[
https://issues.apache.org/jira/browse/AIRFLOW-139?page=com.atlassian.jira.plugin.system.issuetabpanels:comment-tabpanel&focusedCommentId=15372416#comment-15372416
]
Bence Nagy commented on AIRFLOW-139:
------------------------------------
Oh, sorry, I'm subscribed to all Jira notifications but I think that's a bad
idea since I didn't see me specifically being mentioned here. So to answer a
month late:
[~mattland]'s suggestion does not sound right to me at all. Special cases are
already bad, but in this case they wouldn't be even correct; Postgres 8.0.2
does not support autocommit and even though it's unlikely to be running for
people, it is just plain wrong in my opinion to include an exception for it
just because Redshift happened to fork that version.
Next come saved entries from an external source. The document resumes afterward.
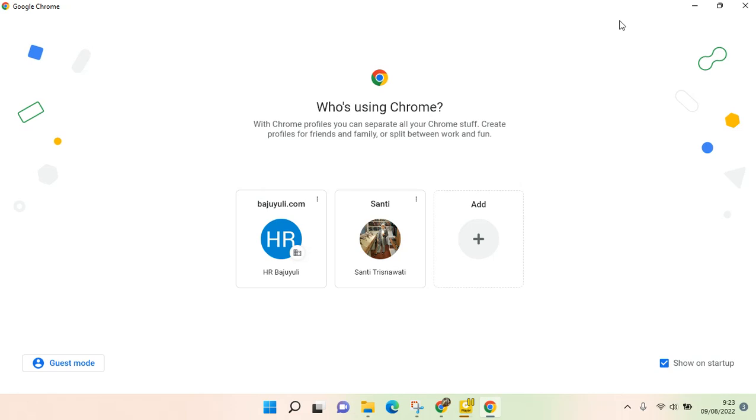Hi guys, back with me again in this channel. On today's video I'm going to show you how to create a shortcut to your Chrome profile on your desktop. So here I have my Google Chrome.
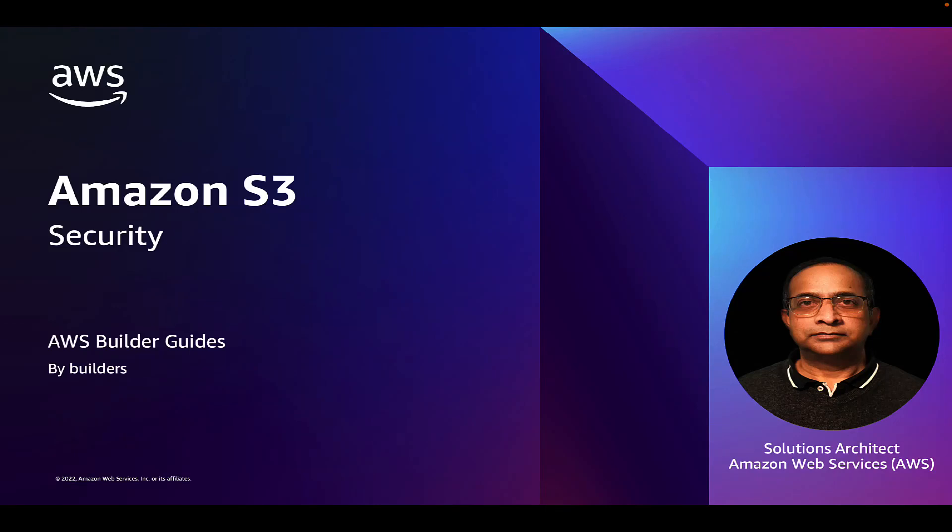Hello, my name is Biswana Thore and welcome to the AWS Builder's Guide. Today we will see how to secure an Amazon S3 bucket.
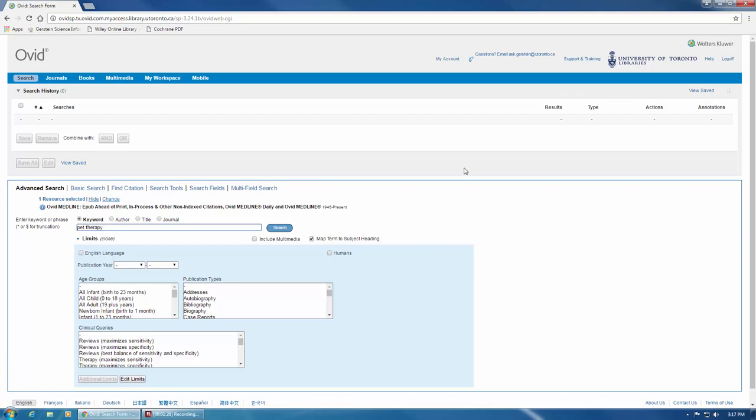In Medline, title and abstract are described by the search field code TW, and keyword heading word is described by the search field code KF. To search for this, we'll enter pettherapy.tw,kf. Now we can click search.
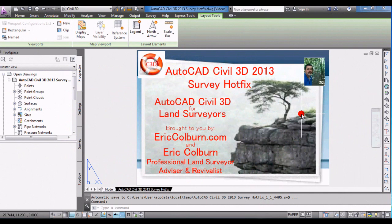This has been Eric Colburn from ericcolburn.com with this AutoCAD Civil 3D for Land Surveyors video, letting you know that there's an AutoCAD Civil 3D 2013 survey hotfix available for download. If you have any comments, please leave them below, and I invite you to subscribe to my YouTube channel and visit ericcolburn.com, where you'll find more land surveying and AutoCAD Civil 3D resources. You can also contact me or visit my Work With Me page for AutoCAD Civil 3D consulting and setup help.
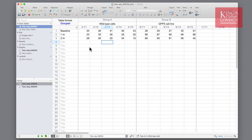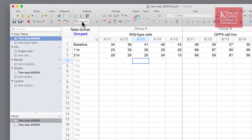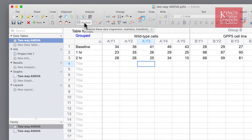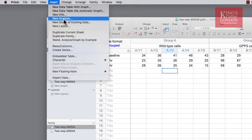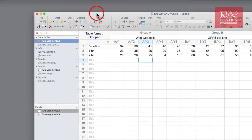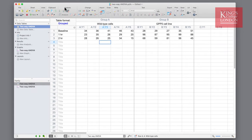You can carry out a two-way ANOVA by three different means: either clicking on the Analyze button in the menu bar, choosing new analysis from the results panel of the navigation pane, or by choosing Insert New Analysis from the menu. In this case we will click on Analyze on the menu bar.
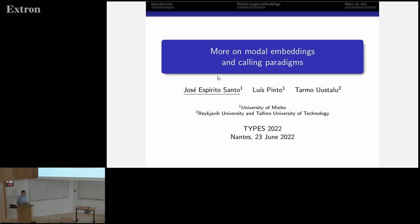Our first talk is going to be by José Espírito Santo, and he's going to talk about model embeddings and calling paradigms. This is joint work with his colleague Luis Pinto at the University of Minho and Tarmo Gustavo.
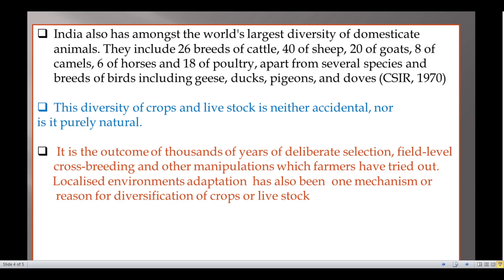This diversity is the outcome of thousands of years of deliberate selection, field level crossbreeding and other manipulations which farmers have tried out. Localized environmental adaptation has also been one mechanism or reason for diversification of crops and livestock. For these reasons, India has developed this remarkable diversity of crops.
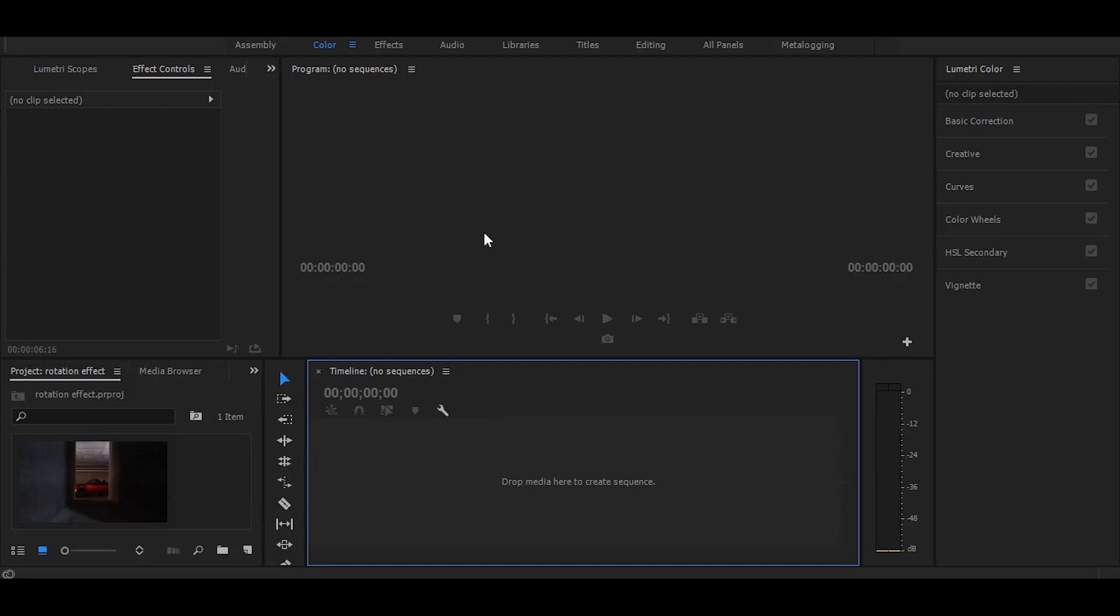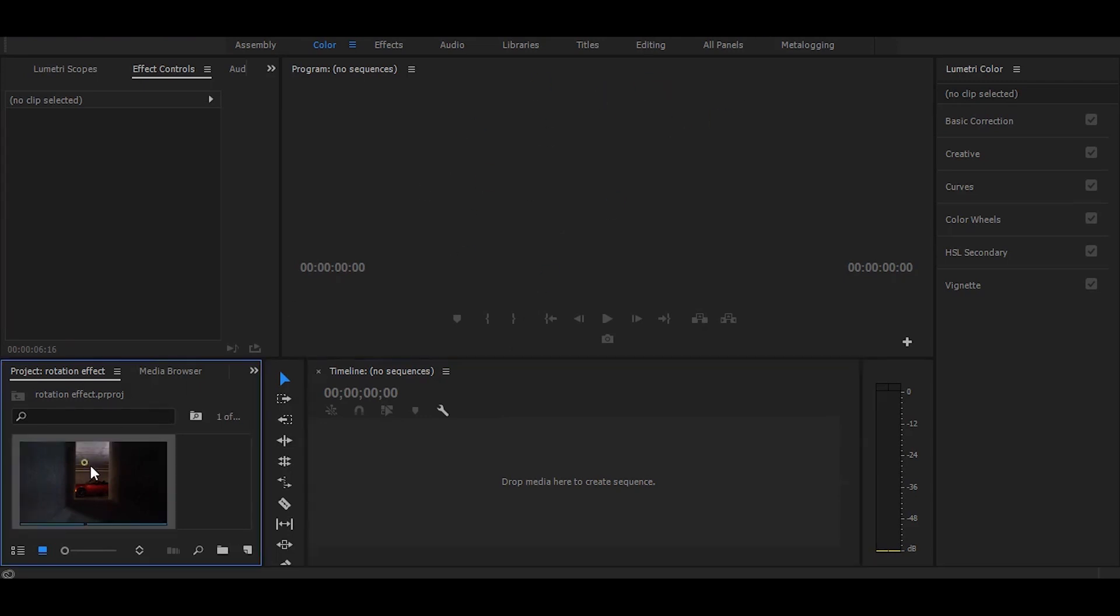Hi, in this tutorial I will show you how to fake camera spin in Premiere Pro, so let's start without any delay. First, drag your video on timeline.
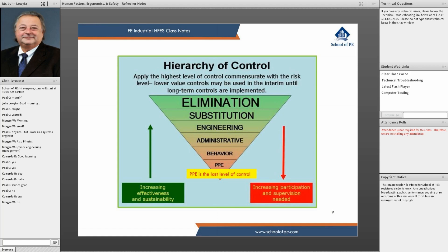Administrative controls really have to do with policies and procedures. For instance, in a water or wastewater treatment plant, an administrative control would be: if you go out into the field, you must take your radio, say where you're going in the plant, and how long you expect to be there. It's for individual safety — if someone doesn't return in 10 minutes and can't be reached by radio, you know to take action.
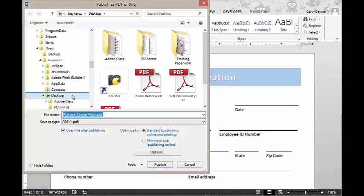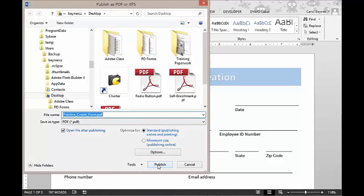I am going to verify the document name. You can leave it or edit the name. And then we are going to come over and hit Publish.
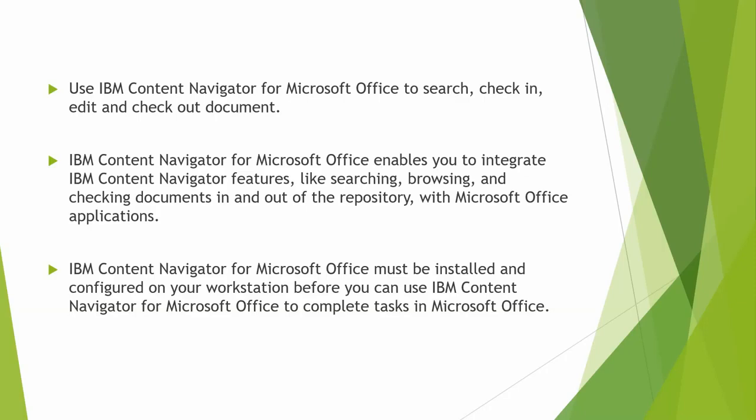Please note, IBM Content Navigator for Microsoft Office must be installed and configured on your workstation before you can use IBM Content Navigator for Microsoft Office to complete tasks in Microsoft Office.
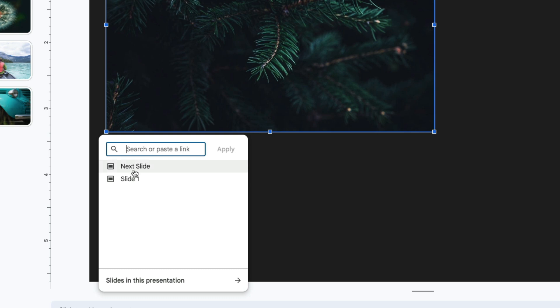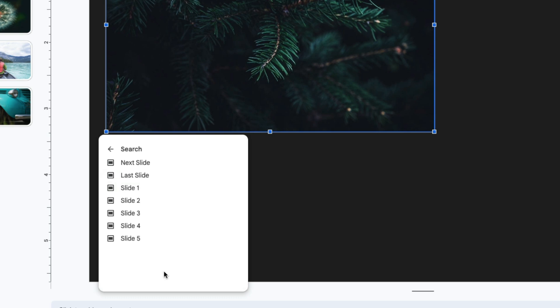So you can choose to have that picture link to the next slide, go back to the original slide, or you can go down here to select other slides in the presentation. So I'm going to have it go to slide four.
Not only that, but then
Redshift would break as well if Amazon ever decided to change their server
version (even if just rebasing onto 8.0.3 or something.) So, yeah, my stance
here is a big 'no, don't do that'.
As I mentioned in the GitHub commit comments as well, the entire fact that
Redshift worked with the PostgresOperator is a coincidence, and as far as I
know, was never officially said to be supported by it. Due to nuances like this
one, most other products working with databases that I've seen (for instance
DataGrip and Metabase) consider Redshift to be separate from vanilla
PostgreSQL, with the former requiring a special DB driver for it, and the
latter not supporting Redshift at all even though they support Postgres. In
light of all this, I think the correct and logical solution here is to add a
RedshiftOperator, with different behavior around the value of
{{supports_autocommit}} and possibly some other differences as well down the
road if the operators get more complex. I don't have a strong opinion on
whether it should be a subclass of PostgresOperator, but I think I would
implement this like that myself, since after all, Redshift is a derivative of
Postgres, sharing quite a lot of behavior.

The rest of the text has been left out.